Gaia: Soil Microbiome Transformer
Gaia is a transformer language model for soil microbiome abundance profiles. It treats microbial genera as tokens and learns representations that transfer to downstream tasks such as soil pH, soil organic carbon, and crop yield prediction.
Model family
This repository contains multiple checkpoint lines from the Gaia project:
| Checkpoint | Description |
|---|---|
gaia_v4/best/ |
Final recommended checkpoint |
gaia_v3/best/ |
v3 release |
gaia_v2/best/ |
v2 release |
gaia_expanded/best/ |
Expanded vocabulary variant |
mgm_soil/, mgm_soil_3k/ |
Initial MGM-based soil pre-training runs |
Intermediate checkpoint-* folders are also included for full reproducibility.
Input / Output
- Input: Genus-level relative abundance of soil microbial community (~1000 genera), tokenized into a sequence of length 512 ordered by decreasing abundance.

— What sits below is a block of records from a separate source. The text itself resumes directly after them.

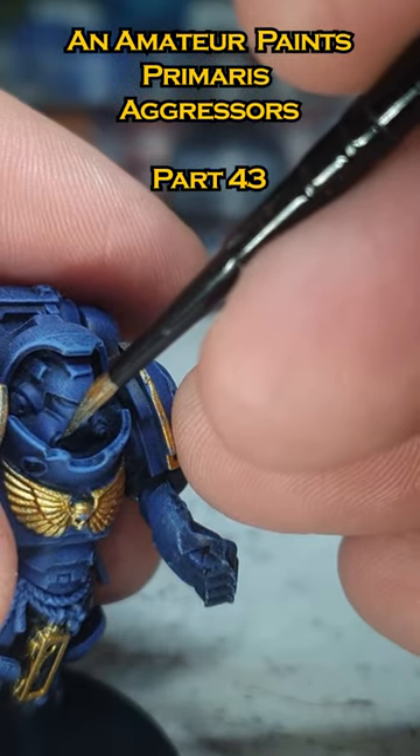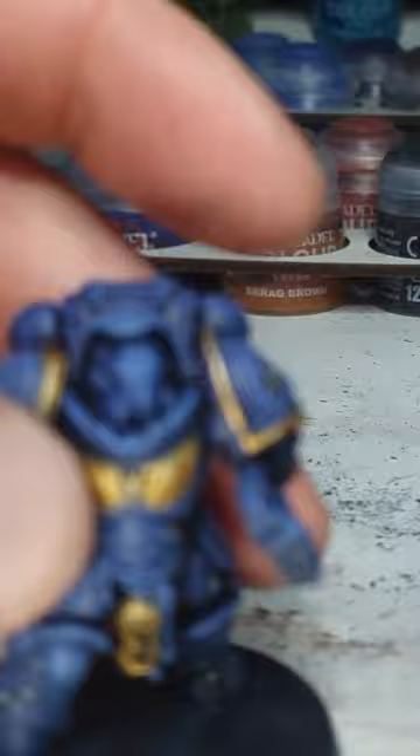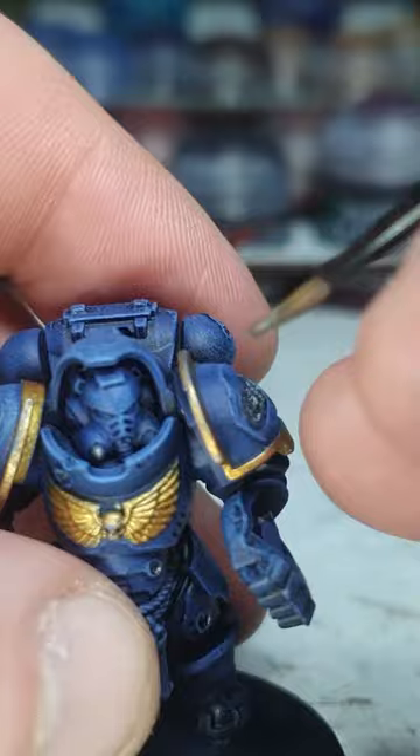Check it out guys, when I have silver on my brush, I can actually paint things silver. Okay, that's a lie, I can't. Hang about. There we go. Now we're doing the silvering.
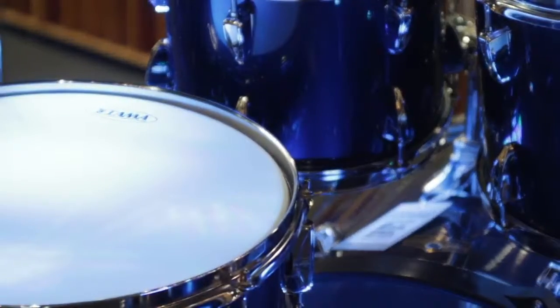The instrument I play is drums. I use Pearl and Zildjian cymbals.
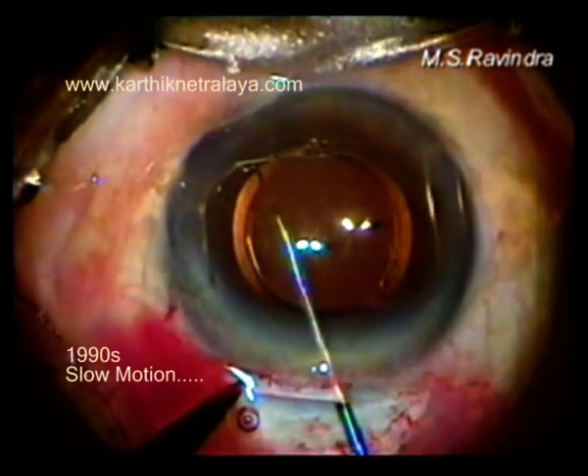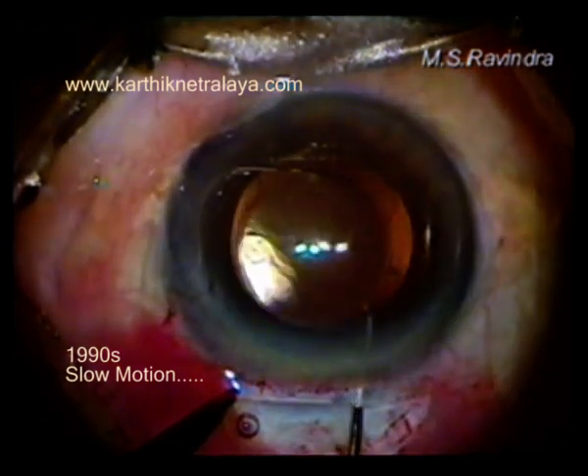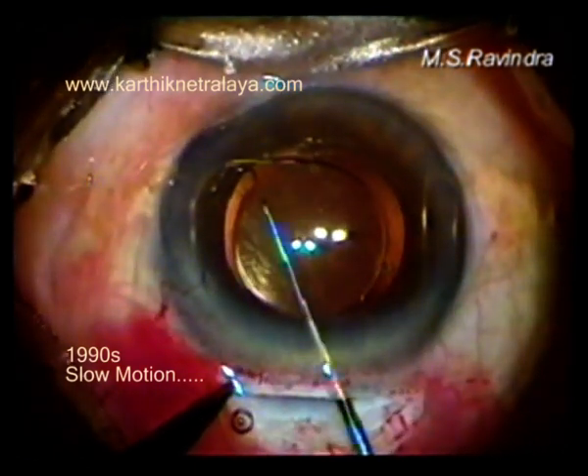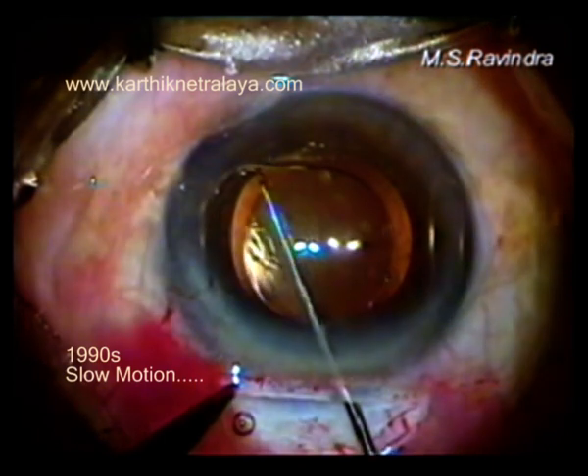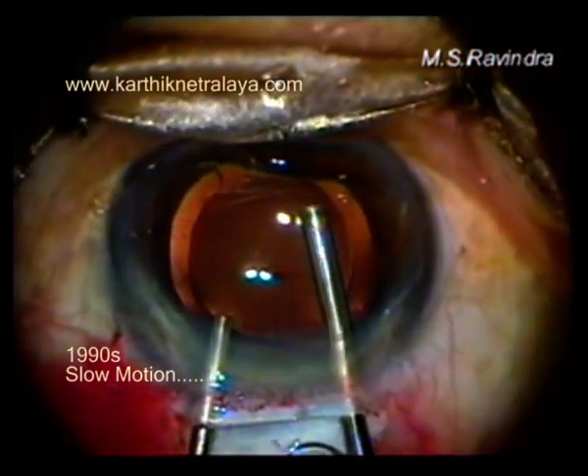I'm checking again with infusion and retracting to see if there are any strands of vitreous. If there are, they are removed. It may be good to have the pupil a little smaller in size, but this also works.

- Output: Embeddings suitable for linear probing / fine-tuning on soil property prediction (pH, carbon, yield, cross-site OOD, etc.).
Training data
Trained on the companion dataset Kimchikilla/gaia-corpus,
which aggregates publicly available soil metagenomic studies (MGnify, EMP,
Naylor, Bernburg long-term, USDA tillage, NEON, and more).
Code
Full training and evaluation pipeline, including tokenizer, preprocessing, and benchmark scripts, is available at: https://github.com/Kimchikilla/gaia
Citation
Paper draft available in the repository (docs/paper/). Please cite
accordingly when using these weights.